Eating out is a lot of fun. There are so many delicious cuisines to explore, whether choosing a restaurant in one city or dining out around the globe.
However, this simple social necessity of making a menu selection can be a nightmare for someone who has a gluten intolerance.
Gluten is a protein substance present in some cereal grains such as wheat and related grains such as barley and rye. On the positive side, gluten gives elasticity to dough and helps it rise. Also called seitan, it’s also a potent source of protein for vegans.
The problem arises for someone who is gluten-intolerant or has celiac disease. The latter is an autoimmune disorder that occurs in the small intestine in people genetically susceptible to a substance in gluten called gliadin. But many more people have an intolerance or allergy to gluten. Symptoms can range from mild tiredness or constipation to diarrhea, migraines and even infertility. There’s no cure. The only treatment is a gluten-free diet.
Following this type of diet isn’t easy. Wheat is found in so many foods (think everything from bread and pasta to flour used as a thickening agent in endless recipes).
The No. 1 concern for those following a gluten-free diet when traveling is how to eat out healthfully in restaurants, according to research reported in the 2010-published Understanding Gluten and Allergen-Free Experiences Worldwide – Global Perspectives of Consumers, Hospitality & Foodservice.
First, know what a gluten-free diet is inside and out. Many foods in their plain or unprocessed form are gluten free. This includes meats, poultry, fish, eggs, beans, nuts, fresh fruits and vegetables, and most dairy products.

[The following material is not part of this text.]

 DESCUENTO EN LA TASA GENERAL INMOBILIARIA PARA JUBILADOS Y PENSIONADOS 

The grains or carbohydrate-containing foods that are gluten-free include amaranth, buckwheat, cornmeal, flax, millet, quinoa, rice and tapioca as well as specifically labeled gluten-free flours made from rice, potato or beans.
Always avoid wheat (which also goes by the names bulgur, durum flour, farina, kamut, semolina and spelt), rye, triticale and barley. Barley is found in many non-obvious places and labeled as malt, malt flavoring and malt vinegar.

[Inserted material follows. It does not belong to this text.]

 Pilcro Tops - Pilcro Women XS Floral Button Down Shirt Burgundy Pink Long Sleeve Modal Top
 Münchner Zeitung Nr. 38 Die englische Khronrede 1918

Second, do your homework. Research restaurant menus online. Some restaurants will specifically identify gluten-free selections. Or look up the names of particular dishes in a specific cuisine to see from what ingredients they are made.
You can also look for online help. For example, the Gluten Intolerance Group of North America maintains a searchable index of restaurants that offer gluten-free menu choices or can accommodate gluten-free diners (www.glutenfreerestaurants.org). The folks at Gluten Free Passport (glutenfreepassport.com) sell pocket-sized books and mobile phone apps that make it easier to eat-out gluten-free around the world.

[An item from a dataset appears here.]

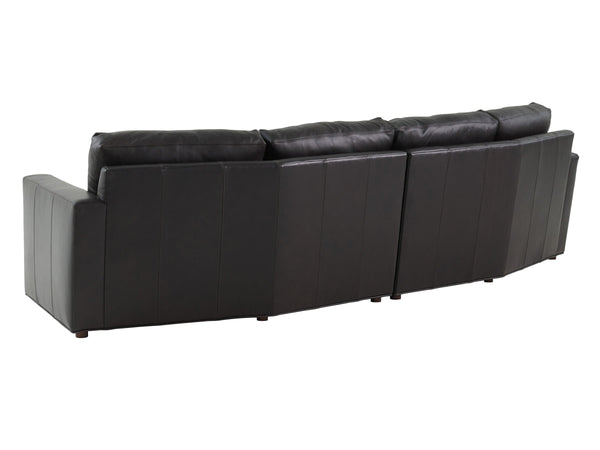 Lexington Ashbury Traditional Leather Sectional with Down Cushions and Brass Accented Base 7878-52C-01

Third, beyond gluten as an ingredient, consider how a food is prepared and if cross-contamination could occur. If you don’t have a chance to plan ahead, ask your server for specifics on how a dish is prepared. If he or she doesn’t know, ask to speak to the chef. Chefs like to please their guests and are usually happy to cooperate and accommodate.
Fourth, realize that sometimes you need to pack your own food when traveling. Airport delays, sketchy airport fare or airline meals and arriving to your destination after most restaurants have closed are all times when you’ll want to have packed something along. This can be as simple as a gluten-free power bar, bag of nuts or dried fruits.